Wien - Der Wiener Nationalrats-Spitzenkandidat der SPÖ und
Balkan-Experte Botschafter Wolfgang Petritsch hat am Freitag sein
erstmals 1999 erschienenes, nun völlig überarbeitetes Buch
"Kosovo/Kosova - Mythen, Taten, Fakten" präsentiert. Interessant ist
vor allem die Tatsache, dass der Band zunächst in serbischer und
albanischer Sprache in Belgrad und Pristina erscheint. Ende dieses
Jahres soll eine englische und erst im kommenden Jahr (im
Wieser-Verlag) eine deutschsprachige Version vorliegen. (Wolfgang
Petritsch, Robert Pichler: Der lange Weg in den Krieg. Kosovo und die
internationale Gemeinschaft, 1989-1999.) Petritsch äußerte anlässlich der Präsentation die Hoffnung, dass
mit diesem Werk der Dialog zwischen Belgrad und Pristina wieder
hergestellt werde. Zwar zeige schon die Tatsache, dass das Buch
zunächst in diesen beiden Städten erscheint, dass es Gespräche
zwischen Kosovo-Albanern und Serben gebe, aber sein "großer Wunsch"
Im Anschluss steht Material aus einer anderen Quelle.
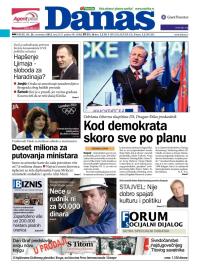 Danas - broj 5537, 26. nov 2012.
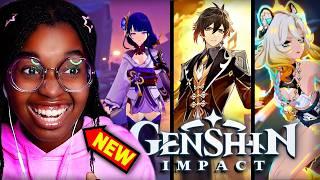 New GENSHIN IMPACT Player Reacts to EVERY CHARACTER TRAILER *THIS WAS FIRE*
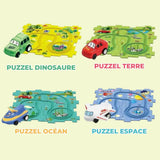 Circuit voiture enfant - RailCar Puzzel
wäre es, einen weiteren Beitrag zur Stärkung des Dialogs
beizusteuern. Das Buch sei eine "Kombination aus objektiver Analyse
und Darstellung von Fakten, sowie ein persönliches Dokument von mir,
wo ich versuche, Gefühle und Emotionen zu Papier zu bringen", sagte
Petritsch, der von 1997 bis 1999 österreichischer Botschafter in
Belgien und im Juni 1999 Kosovo-Sonderbeauftragter der EU war. Später
wurde er internationaler Bosnien-Beauftragter.
"Mythenbildung"
Vor allem habe er der "Mythenbildung entgegensteuern" wollen, die
rund um die Verhandlungen zwischen Albanern und Serben in Rambouillet
und Paris entstanden seien. Die Darstellung der kontroversiellen
Geschichte Kosovos findet im neuen Band nur mehr wenig Platz. Das
Hauptinteresse gilt dem Zeitraum von der Aufhebung der
Kosovo-Autonomie durch den damaligen jugoslawischen Präsidenten
Slobodan Milosevic bis zur NATO-Intervention im Frühjahr 1999.
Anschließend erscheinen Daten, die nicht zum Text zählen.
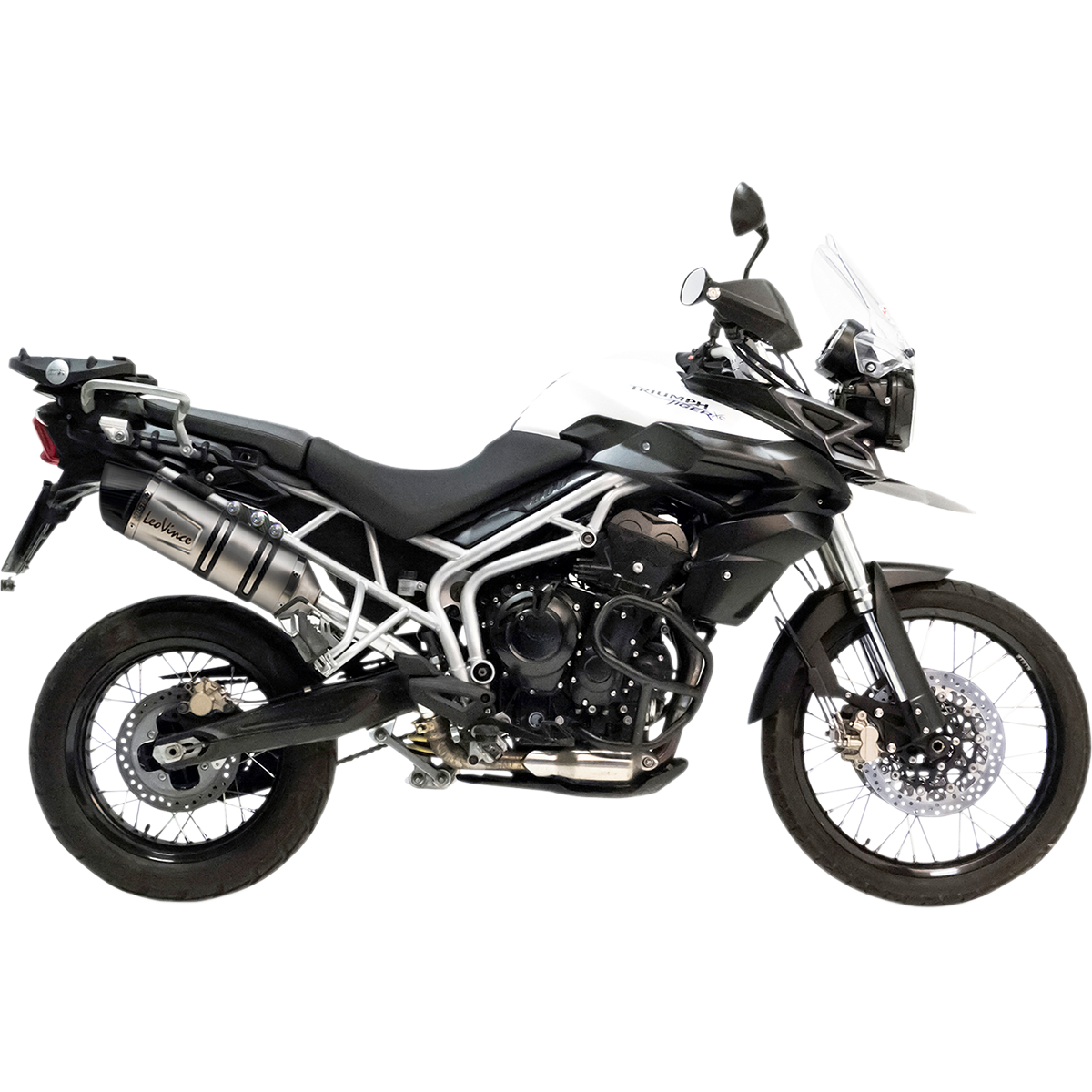 LeoVince LV One EVO Slip-On Exhaust Triumph Tiger 800 2010-2019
Der albanische Verleger und Teilnehmer der Verhandlungen in
Rambouillet, Veton Surroi, bezeichnete das Buch als "Insiderstory der
Geschichte des vergangenen Jahrzehnts". Petritsch, der als damaliger
Kosovo-Beauftragter der EU tiefste Einblicke in die Verhandlungen
hatte, schildere darin "dramatische Momente über die Entscheidung
zwischen Krieg und Frieden".
"Das Buch soll Tabus brechen, die in Serbien noch immer herrschen",
sagte Veran Matic, Direktor des Belgrader Senders "B 92" und Leiter
der Belgrader Vereinigung Unabhängiger Elektronischer Medien (ANEM).
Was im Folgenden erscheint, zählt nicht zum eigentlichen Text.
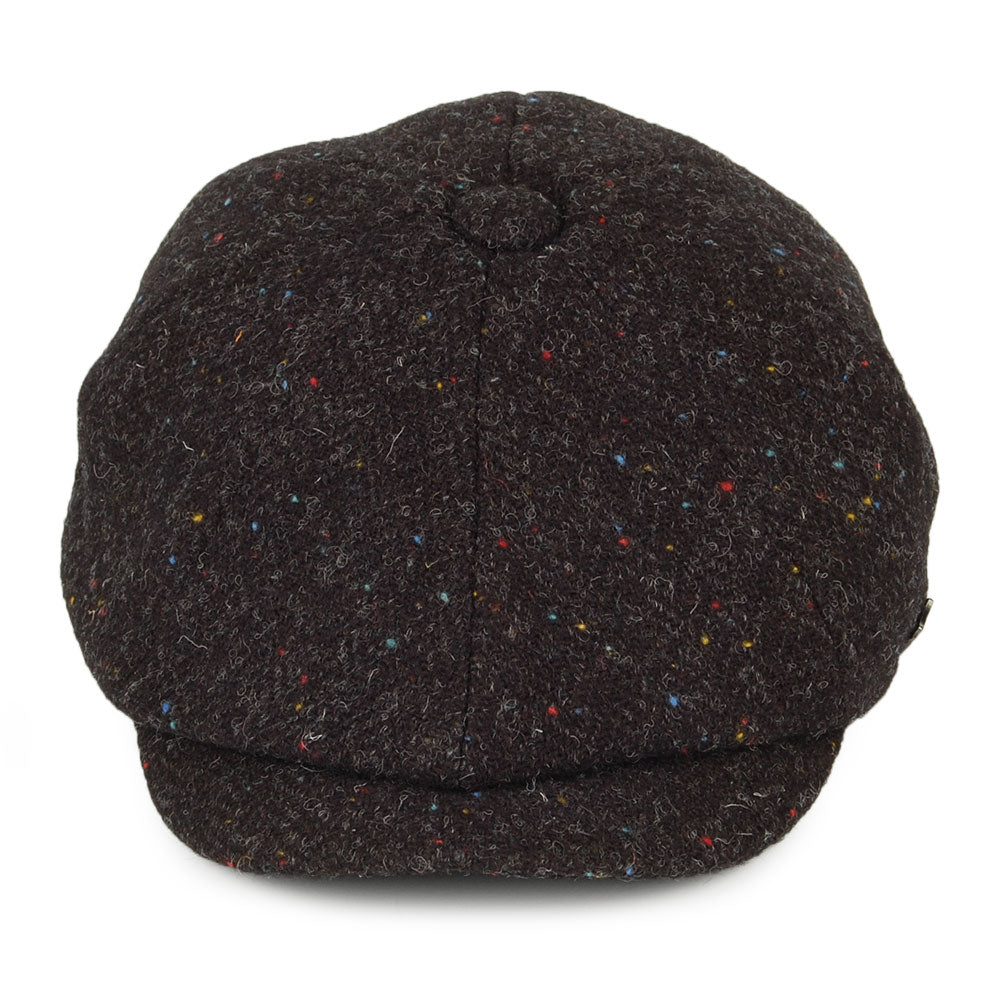Gorra Newsboy Carloway de HARRIS TWEED de Failsworth - Antracita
Er kritisierte zugleich die Rolle der internationalen Gemeinschaft
vor Ausbruch des Krieges im Kosovo (1999) auf das Schärfste. Diese
habe "die Alternative in Serbien völlig ignoriert". "Das Szenario
hätte völlig anders sein können, hätte die internationale
Gemeinschaft während der Demonstrationen in Serbien 1996/97 gegen das
Milosevic-Regime die unabhängigen Medien und die Opposition
unterstützt", betonte Matic. (APA)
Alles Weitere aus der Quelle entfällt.